The arguable was predictably rejected by the Federal Tribunal.
Judgment of July 8, 2016
First Civil Law Court
Federal Judge Kiss (Mrs.), Presiding
Federal Judge Kolly
Federal Judge Niquille (Mrs.)
Clerk of the Court: M. Piatti
Represented by Mr. Diego Della Casa,
Represented by Mr. Paolo Michele Patocchi and Mr. Paolo Marzolini,
By a contract of January 1, 2002, the Swiss company B.________ AG gave a license to the Italian company A.________ S.p.A. to use a trademark. Further to differences that arose as to the computation of royalties due, B.________ AG initiated arbitral proceedings resulting in a final award of March 31, 2015, in which the Arbitral Tribunal held that three documents produced by A.________ S.p.A. on December 23, 2014, were inadmissible (operative part n. 2), ordered the latter to pay to the Claimant EUR 1’797’130.36 with interest (operative part n. 3) and CHF 82’007.77 for the costs of the arbitration and CHF 130’000 for the other party’s costs (operative part n. 5).
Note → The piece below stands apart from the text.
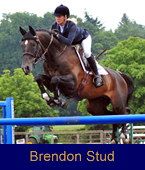 Welcome to Brendon Stud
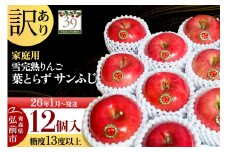 【26年1月～発送】りんご 【 数量限定 】訳あり 雪完熟 家庭用 糖度13度以上 葉取らず サンふじ 12個入り【レビューキャンペーン】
In a civil law appeal of May 11, 2015, A.________ S.p.A. asked the Federal Tribunal to annul operative parts nos. 2, 3, and 5 of the final award. It argues a violation of Art. 190(2)(d) PILA.2
In its answer of July 13, 2015, B.________ AG submitted that the matter is not capable of appeal and in the alternative that the appeal should be rejected with costs.
The parties engaged in a second exchange of briefs spontaneously.
1.1. According to Art. 54(1) LTF,3 the proceedings before the Federal Tribunal take place in one of the official languages,4 as a rule in the language of the decision under appeal. When the decision is in another language, as is the case here (English), the Federal Tribunal resorts to the official language chosen by the parties. The civil law appeal was drafted in Italian, therefore this judgment shall be issued in that language.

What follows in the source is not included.